Each new electronic device in the ICU increases the number of alarms that staff needs to monitor. Sources of new alarms can be myriad and include ventilators, CPAP and BiPAP machines purchased by the Respiratory Therapy Department. Constant attention to staff orientation and training is required in order to maintain a safe ICU environment. This training is particularly important for temporary staffing, such as nurse 'travelers,' physician house staff, and personnel who work in various locations in the hospital (respiratory therapy, physical therapy, nutritionists, etc.) Multidisciplinary Staffing Rounds can be utilized for training a wide range of staff on ICU protocols, alarms and procedures.
The Intensivist as Risk Manager
The ICU is a place of substantial risk. In addition, the management of the ICU is critical to the efficient functioning of the hospital. Flow of patients through the ICU is often a choke point for patient care. Prompt admission of patients from the Emergency Department and the timeliness of the Operating Room schedule depend on the availability of beds in the ICU. Every effort to minimize length of stay in the ICU can impact medical care throughout the facility. Therefore, efficiency in risk management is important.

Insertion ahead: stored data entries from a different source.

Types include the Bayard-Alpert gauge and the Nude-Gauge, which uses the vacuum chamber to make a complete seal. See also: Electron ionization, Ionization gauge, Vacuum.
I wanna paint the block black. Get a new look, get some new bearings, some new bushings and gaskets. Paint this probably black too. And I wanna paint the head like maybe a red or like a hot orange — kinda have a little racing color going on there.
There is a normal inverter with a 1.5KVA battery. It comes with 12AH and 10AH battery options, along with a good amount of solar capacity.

The primary role of a hospital risk manager is to protect the assets of the institution.3 These assets are financial, property and staff. This protection is done by analyzing potential risks, devising risk reduction strategies and mitigating damage once an adverse event occurs. Intensivists, by inclination and training, are accustomed to analyzing risks and stratifying interventions on the basis of the risks. It is what we do routinely in order to prevent complications in the ICU. Prevention becomes the major function in the ICU. We are adept at modifying damage in the event of complications, usually because there is a plan already in place. Intensivists become experts in minimizing liability to patients and proficient in the appropriate choice and timing of interventions to minimize the extent of injury/damage. Thus, the actions of an effective intensivist are similar to those of the risk manager.
The IHI and Leapfrog Group are developing standards of care, in part due to the concerns for patient safety. More and more, procedures and care in the ICU are being driven by protocols. Adherence to these protocols may decrease complications, and more than likely can also decrease the professional liability damage if adverse events do occur.

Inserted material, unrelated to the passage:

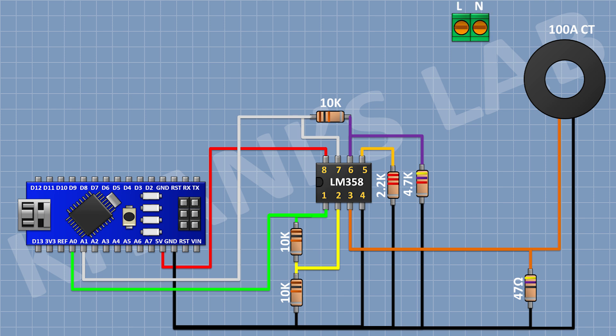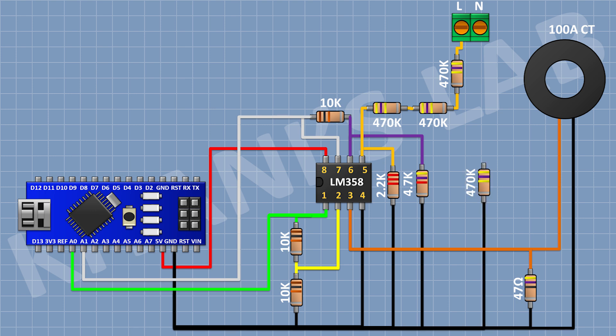Now connect a 2-pin terminal block. Now connect a 470K resistor with its one pin to pin number 5 of the IC. Now connect another 470K resistor to the remaining pin of the previous one, then another 470K resistor with its other pin going to pin number 1 of the 2-pin terminal block. Now connect another series of 470K resistors from ground: connect one to ground, then another to that, and a final 470K resistor with its other pin to pin number 2 of the 2-pin terminal block.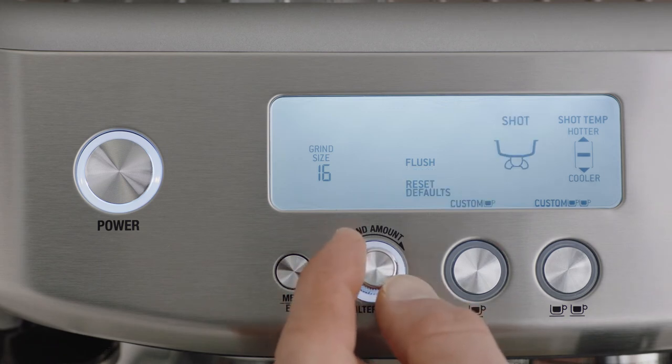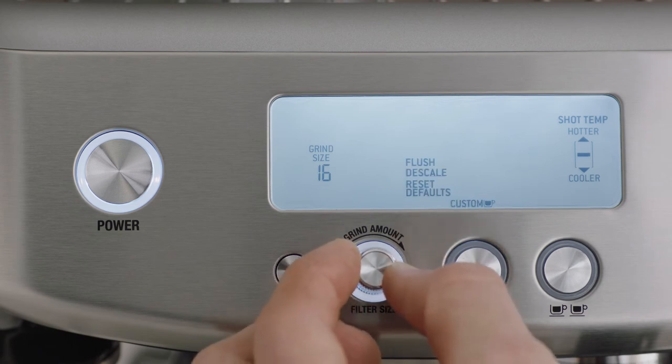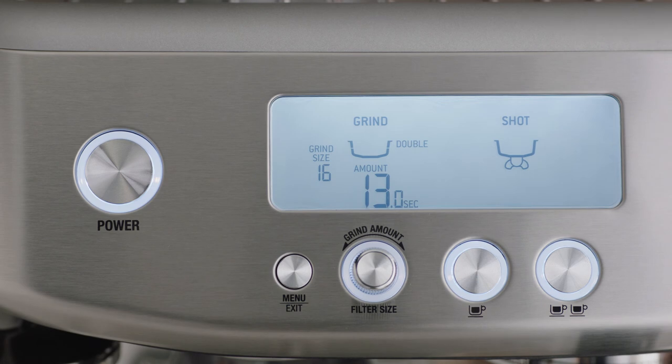Program mode allows you to program: start the clean cycle, descale, reset defaults, shot volumes, pre-infusion duration, and shot temperature. Press menu to return to standby mode.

There should be a natural collaboration between the ICU director and the hospital risk management department. The inclinations of the ICU director are precisely those of a successful healthcare risk manager. Moreover, the goals of the ICU director are perfectly in line with those of the risk manager. That is, both are preeminently concerned with the identification of risks, the prevention of adverse events, and the mitigation of consequences. Ideally, the ICU director will initiate prospective collaborations with the risk management office and develop lines of communication. These efforts should result in more proactive patient safety programs and improved quality of care throughout the institution due to the merging of the skills of multiple disciplines. Importantly, the risk management office can assist with education regarding professional liability that will assist the ICU staff to more confidently perform their duties and assure compliance with regulatory agencies, such as JCAHO.
References
- Bean RB, Bean WB. Sir William Osler, Aphorisms from his Bedside Teachings and Writings. Springfield, IL: Charles C. Thomas Company; 1961.
- Pronovost PJ, et al. Physician Staffing Patterns and Clinical Outcomes in Critically Ill Patients: A Systematic Review. JAMA. 2002;288:2151-2162.
- Carroll R, ed. Risk Management Handbook for Health Care Organizations. Chicago, IL: American Hospital Publishing Inc; 2005.